New Mexico helping the next US Space Race

A Computer Generated photo of what the Earth w...Image via Wikipedia
Like some railroad that's looking pretty close to completion, "Spaceport America" is on of those initiatives that have been fairly controversial -- but still feels like it's doing a good job of positioning New Mexico as a place where the future is happening.

Articles like that in the current Space Review and promotion of the ISPCS continue to help...

Visionaries of Commercial Spaceflight

Like the airline industry of the 1930s, today’s personal and commercial spaceflight business is being driven by visionaries who recognize its tremendous value for serious advancements in science, research, earth monitoring, and the commerce of human space exploration.

Gone are the days when personal and commercial spaceflight was the stuff of science fiction. Today, we’ve entered a new and different space age. Many experts predict that the first suborbital space tourism flights will occur in this decade. In just a few decades, we’ve gone from science fiction to science fact.

Gone too are the days when space was the exclusive territory of the United States and the former Soviet Union. Instead, space has become the purview of many nations and many commercial enterprises, even as space priorities are now driven increasingly by financial considerations and less by government policy.

Since the 1990s there has been a growing recognition that the United States needs to redouble its efforts in space. Experts say the US should increase its capacity and access to space for multiple purposes, including point-to-point travel, cargo delivery, and research payloads. A July 2008 front page Washington Post article summed it up clearly, “U.S. Finds It’s Getting Crowded Out There: Dominance in Space Slips as Other Nations Step Up Efforts”.

But there are encouraging signs that the US and many other industry players have recognized that it’s time for a renewed effort in this final frontier. For example, New Mexico is emerging as a key hub for personal and commercial space travel. The New Mexico Space Grant Consortium is a focal point for leading-edge developments in personal and commercial spaceflight.

New Mexico is also the home of Spaceport America, the nation’s first purpose-built commercial spaceport, designed with the needs of the commercial space business in mind. And New Mexico’s importance as a center for personal commercial spaceflight is highlighted by its October 21-28 “Space Week” featuring the International Symposium for Personal and Commercial Spaceflight (ISPCS) conference, the Leonard R. Sugerman Public Forum on the business of space, and the Global Spaceport Federation meeting...

The Washington Post article referenced provides some good analysis of international competition for leadership in the next wave of efforts in space:

US Finds it's Getting Crowded Out There

Space, like Earth below, is globalizing. And as it does, America's long-held superiority in exploring, exploiting and commercializing "the final frontier" is slipping away, many experts believe.

Although the United States remains dominant in most space-related fields -- and owns half the military satellites currently orbiting Earth -- experts say the nation's superiority is diminishing, and many other nations are expanding their civilian and commercial space capabilities at a far faster pace.

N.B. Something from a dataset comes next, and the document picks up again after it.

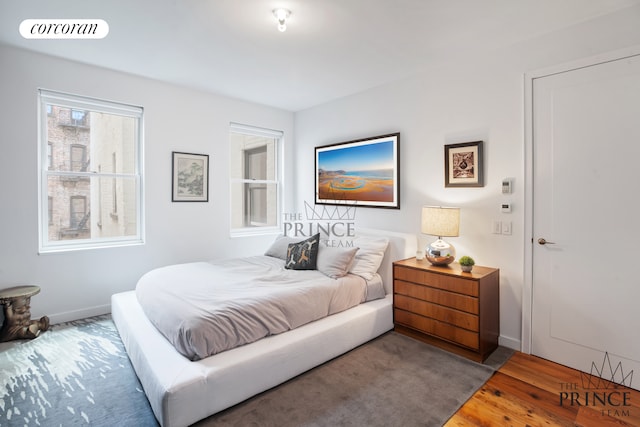 bedroom with visible vents, baseboards, and wood finished floors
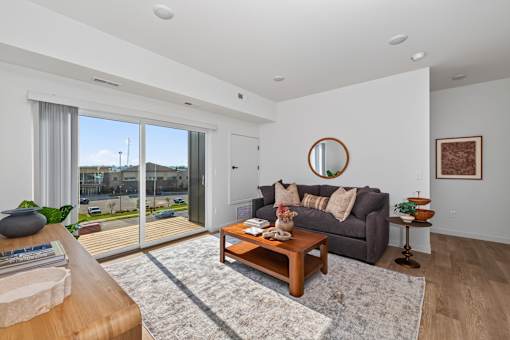 A living room with a grey couch, a wooden coffee table, and a round mirror on the wall.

"We spent many tens of billions of dollars during the Apollo era to purchase a commanding lead in space over all nations on Earth," said NASA Administrator Michael D. Griffin, who said his agency's budget is down by 20 percent in inflation-adjusted terms since 1992.

"We've been living off the fruit of that purchase for 40 years and have not . . . chosen to invest at a level that would preserve that commanding lead."

In a recent in-depth study of international space competitiveness, the technology consulting firm Futron of Bethesda found that the globalizing of space is unfolding more broadly and quickly than most Americans realize. "Systemic and competitive forces threaten U.S. space leadership," company president Joseph Fuller Jr. concluded.

Six separate nations and the European Space Agency are now capable of sending sophisticated satellites and spacecraft into orbit -- and more are on the way. New rockets, satellites and spacecraft are being planned to carry Chinese, Russian, European and Indian astronauts to the moon, to turn Israel into a center for launching minuscule "nanosatellites," and to allow Japan and the Europeans to explore the solar system and beyond with unmanned probes as sophisticated as NASA's...

These are just some reasons why the International Symposium for Personal and Commercial Spaceflight (ISPCS) next month in Las Cruces (October 22-24) is good for New Mexico and the US in general.

The impact of more aerospace work here (at the very highest end) is also something likely to boost our position in digital media, as the modeling and simulation work associated with aerospace also dovetails with skills and work in animation and game development.

The ISPCS has an impressive line-up -- and associated events bring in a good crowd of innovative people and companies from around the world. It's worth checking out -- and another good reason for northerners to visit the southern part of the state.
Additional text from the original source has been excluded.